- Relator(a)
- Ministra Nancy Andrighi
- Órgão julgador
- Terceira Turma
- Data do julgamento
- 24/04/2014
- Data de publicação
- 02/06/2014
STJ – Acórdão, Rel. Ministra Nancy Andrighi, Terceira Turma, j. 24/04/2014, p. 02/06/2014
CIVIL E PROCESSO CIVIL. CUMPRIMENTO DE SENTENÇA. ALEGAÇÃO DE ERRO DE CÁLCULO. COMPENSAÇÃO POR DANOS MORAIS. TERMO INICIAL PARA INCIDÊNCIA DA CORREÇÃO MONETÁRIA. MARCO FIXADO NA SENTENÇA EXEQUENDA. PENSÃO DEVIDA AOS FILHOS DO FALECIDO. ACOLHIMENTO PELO TRIBUNAL DE ORIGEM DA TESE DA RECORRENTE. AUSÊNCIA DE INTERESSE RECURSAL. OFENSA À COISA JULGADA. INEXISTÊNCIA. ARTS. ANALISADOS: 884, CC/02; 471, CPC. 1. Ação de indenização por danos materiais e morais, distribuída em 11/09/2003, da qual foi extraído o presente recurso especial, concluso ao Gabinete em 07/08/2012. 2. A controvérsia cinge-se a decidir se houve, na fase de cumprimento de sentença, equívoco na forma de cálculo da correção monetária, relativamente à compensação por danos morais, bem como da pensão estabelecida para os filhos da primeira recorrida, com a consequente ofensa à coisa julgada. 3. À luz do que dispõe o enunciado da súm. 362/STJ, "a correção monetária do valor da indenização do dano moral incide desde a data do arbitramento". 4. Todavia, quando na sentença exequenda o Juiz, expressamente, faz constar que o valor devido a título de compensação por danos morais deve ser atualizado a partir do ajuizamento da ação, em atenção ao art. 1º da Lei 6.899/81, não há como alterar o termo inicial de incidência da correção monetária, sob pena de ofensa à coisa julgada.
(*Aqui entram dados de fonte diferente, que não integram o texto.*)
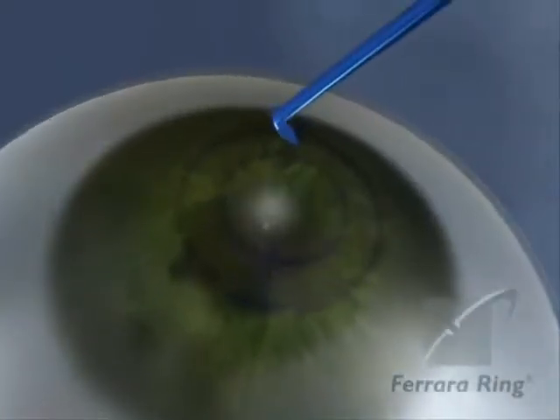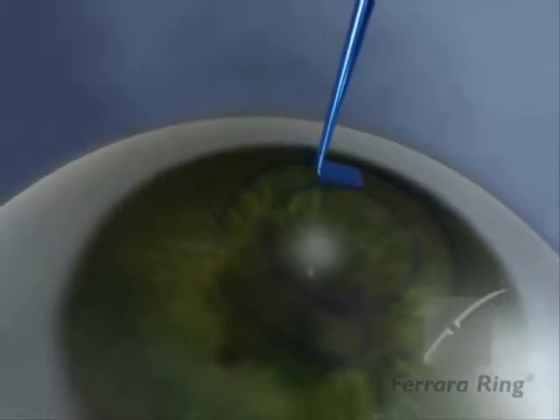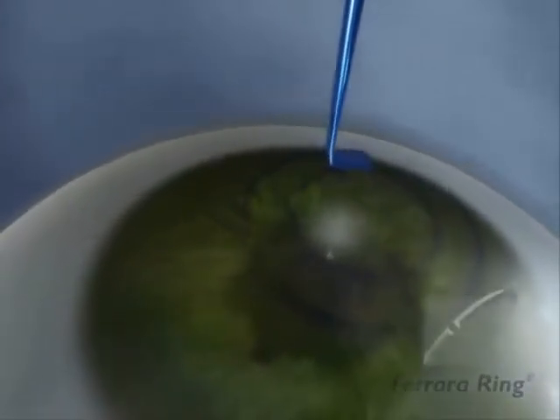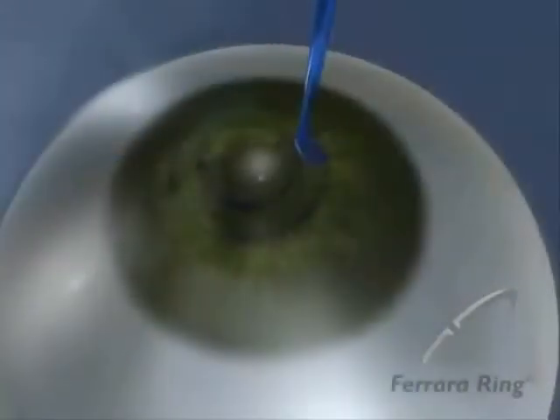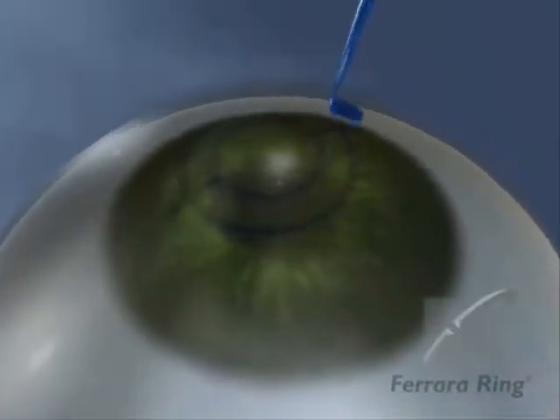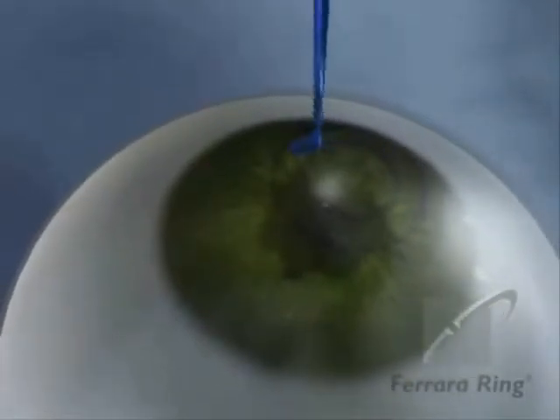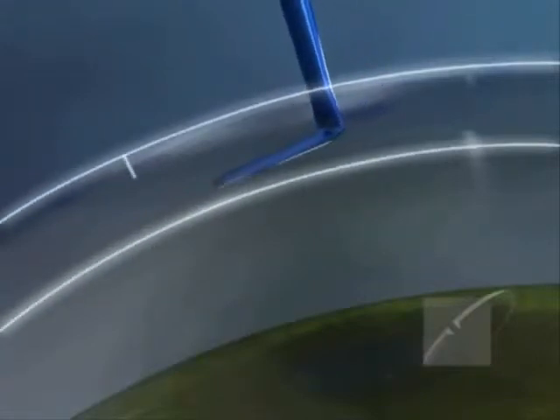Introduce the tip of the Suarez spreader into the incision, widening with small movements the pocket created in the previous step. For the implantation of the two segments, do this procedure in both directions. It's very important that the pocket be created at the proper depth, as the ideal positioning of the Fahara ring is directly related to and dependent upon this step.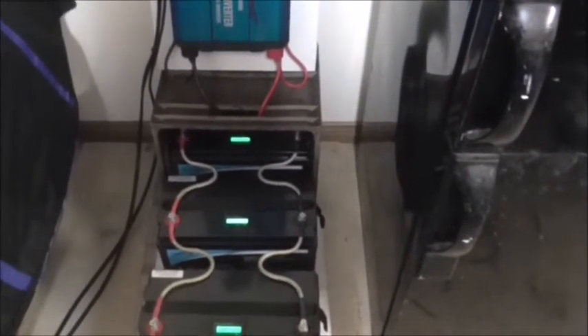I've got four 100 amp hour lithium ion batteries which at the moment are connected up all in parallel to keep the voltage at 12 volts. I've read on the internet that this is not a good way to do it, and by doing a few simple tests I'll show you why it's not a good idea, and then I'll swap them around and wire them up in a different configuration to show you the difference.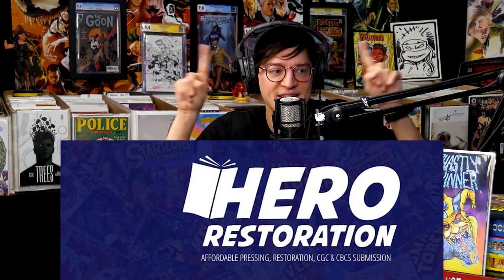So we're talking about reproduction covers — covers that aren't real. We're also talking about restoration a little bit, making something new that wasn't there, tampering a little bit with comics. That got me to this next subject: a community shout-out. We're talking about a Facebook page that I followed, that I learned a lot from, and I wanted to bring it to the community's attention. We're talking about Hero Restoration.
Precedentes. 5. No que tange ao cálculo da pensão devida aos filhos do falecido, não há qualquer interesse da recorrente na reforma do acórdão, haja vista ter o Tribunal de origem acolhido a sua tese para afastar a ordem de transferência da quota-parte devida a um filho para os demais, quando aquele atingir a maioridade. 6. Mantido integralmente o acórdão recorrido - justamente porque respeitados, na fase de cumprimento de sentença, os limites estabelecidos no título executivo - não há falar em ofensa à coisa julgada, tampouco em violação do art. 471 do CPC. 7. Recurso especial conhecido e desprovido. (REsp n. 1.335.227/RJ, relatora Ministra Nancy Andrighi, Terceira Turma, julgado em 24/4/2014, DJe de 2/6/2014.)